Great analysis from Jane Cowan on Christine Nixon’s evidence to the commission.
This comment from a commenter called Justin (12 Apr 2010 8:02:29pm) is worth noting:
Gary & Gadget, so its appalling is it? Let me just ask one question - were you in any of the fire affected towns on Feb 7, suddenly facing an inferno, trying to implement a defend plan for which no warnings had been received via internet or radio?
A few things that you both need to understand:
(1) Christine Nixon was not just the Police Commissioner. Under the Emergency Management Act, she had the full control over ALL, thats right ALL emergency services. She left her post.
(2) Russell Rees should no longer be the head of the CFA. His incompetence has been adequately laid to bare during the hearings - failing to source line scans, losing or not seeing predictive mapping, acknowledging during the Commission that he did not know where the fires were in my region (Strathewen, St Andrews), not ensuring that messages were actually posted to the ABC and online;
(3) Bob Cameron, the Emergency Services Minister. He was not even available that day. He was in the country, as was Mr Brumby. He was at his family property in Harcourt.

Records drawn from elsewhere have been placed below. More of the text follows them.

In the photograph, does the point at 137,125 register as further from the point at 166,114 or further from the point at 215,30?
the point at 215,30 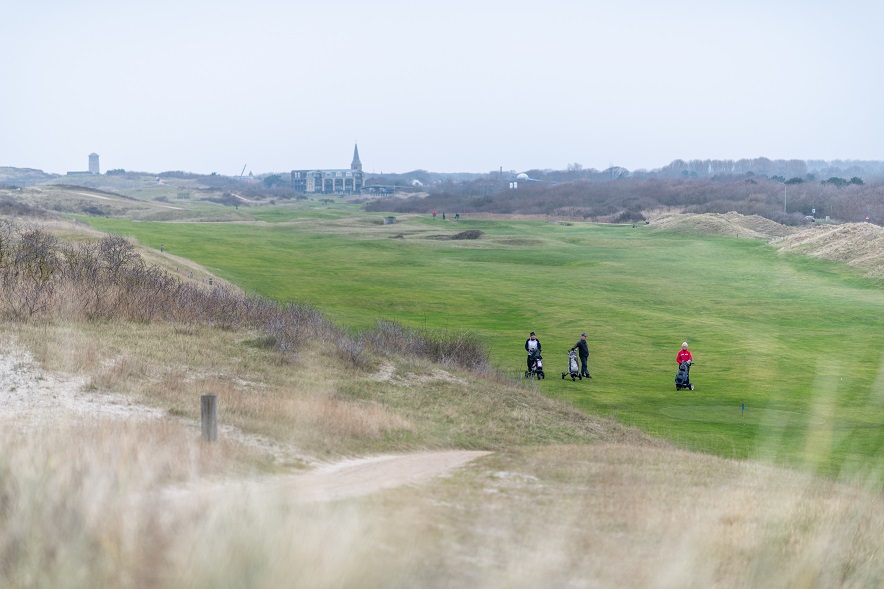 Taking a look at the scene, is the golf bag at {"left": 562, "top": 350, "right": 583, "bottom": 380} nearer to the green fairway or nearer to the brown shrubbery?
the green fairway

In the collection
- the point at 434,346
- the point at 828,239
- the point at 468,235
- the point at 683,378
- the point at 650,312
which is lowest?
the point at 650,312

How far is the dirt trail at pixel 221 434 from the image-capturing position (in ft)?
43.9

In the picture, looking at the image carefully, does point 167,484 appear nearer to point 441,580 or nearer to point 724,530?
point 441,580

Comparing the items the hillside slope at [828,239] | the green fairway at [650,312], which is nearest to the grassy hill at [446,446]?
the green fairway at [650,312]

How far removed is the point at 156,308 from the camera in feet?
100

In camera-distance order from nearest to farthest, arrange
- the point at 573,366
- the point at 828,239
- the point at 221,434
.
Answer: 1. the point at 221,434
2. the point at 573,366
3. the point at 828,239

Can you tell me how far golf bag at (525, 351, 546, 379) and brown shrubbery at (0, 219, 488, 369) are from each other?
1627 millimetres

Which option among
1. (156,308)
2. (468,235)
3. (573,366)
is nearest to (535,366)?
(573,366)

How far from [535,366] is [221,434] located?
61.8 ft

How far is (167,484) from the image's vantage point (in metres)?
12.5

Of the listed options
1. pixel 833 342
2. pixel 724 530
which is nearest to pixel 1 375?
pixel 724 530

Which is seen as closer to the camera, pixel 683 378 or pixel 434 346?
pixel 683 378

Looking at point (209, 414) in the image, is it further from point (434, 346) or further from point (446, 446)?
point (434, 346)

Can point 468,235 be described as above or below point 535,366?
above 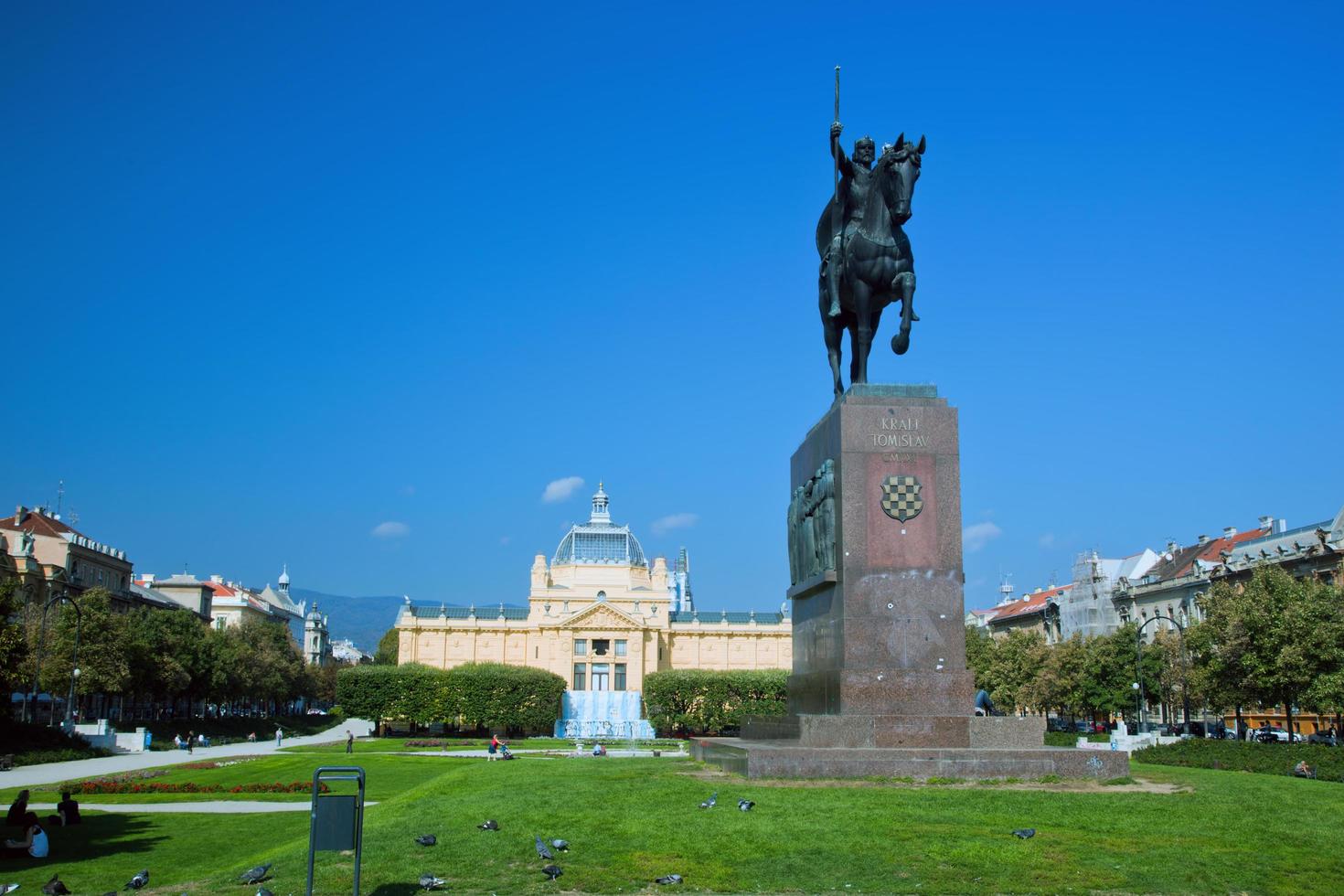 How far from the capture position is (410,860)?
12203 millimetres

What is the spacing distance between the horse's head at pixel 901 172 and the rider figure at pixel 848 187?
453mm

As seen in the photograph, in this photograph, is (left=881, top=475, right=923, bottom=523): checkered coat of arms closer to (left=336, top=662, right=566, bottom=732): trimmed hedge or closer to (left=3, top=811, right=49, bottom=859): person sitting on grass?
(left=3, top=811, right=49, bottom=859): person sitting on grass

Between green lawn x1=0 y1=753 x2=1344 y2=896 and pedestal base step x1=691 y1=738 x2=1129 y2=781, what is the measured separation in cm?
40

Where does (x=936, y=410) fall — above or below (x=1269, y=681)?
above

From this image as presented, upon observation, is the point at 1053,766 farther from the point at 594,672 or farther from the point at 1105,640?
the point at 594,672

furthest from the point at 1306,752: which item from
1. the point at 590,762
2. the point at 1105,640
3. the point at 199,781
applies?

So, at 6p.m, at the height of the disaster we had the three people capable of declaring a state of emergency, in absentia. Nixon, Cameron and Brumby. They all knew of the dangers in the lead up to that day. They were all over the media. If you want this point reinforced, get a copy of the ABC documentary put together after the fires called “After The Firestorm.” Rees himself talks of the scale of the impending disaster at 3pm and the likely loss of life.
Now, to Ms Nixons “I had to eat.” The first meal I had after Feb 7th was at 4.30am on Sunday 8th. I then had 2 hours sleep before I got back to work on properties next to mine. Not as a CFA member, but as a mere landowner. Thats what we do, we band together. We get things done. We dont abandon. Groups of people got together with their own equipment - excavators, chainsaws, pumps, hoses, slip on units etc - and opened up roads when official requests were ignored. A police friend of mine in Kinglake, who was party to saving a group of approx 40 people in Pheasant Creek didnt eat, sleep or see his family for three days. He didnt abandon his post.
Gary and Gadget, you will perhaps never fully understand what it is to be let done by the authorities on such a grand scale. The disaster plans so practised by the head honchos, failed. And failed catastrophically. The potential scale of this disaster was known at about 1.30pm that day when the line scan was produced - predicting that the fire could reach the Dandenongs. The scale of the disaster, if the wind change had not eventuated two hours earlier than expected, would have seen the deaths of manay many more people than it did.
173. Thats what Nixon, Rees & Cameron need to remember at each ribbon cutting ceremony and fake smile for the cameras.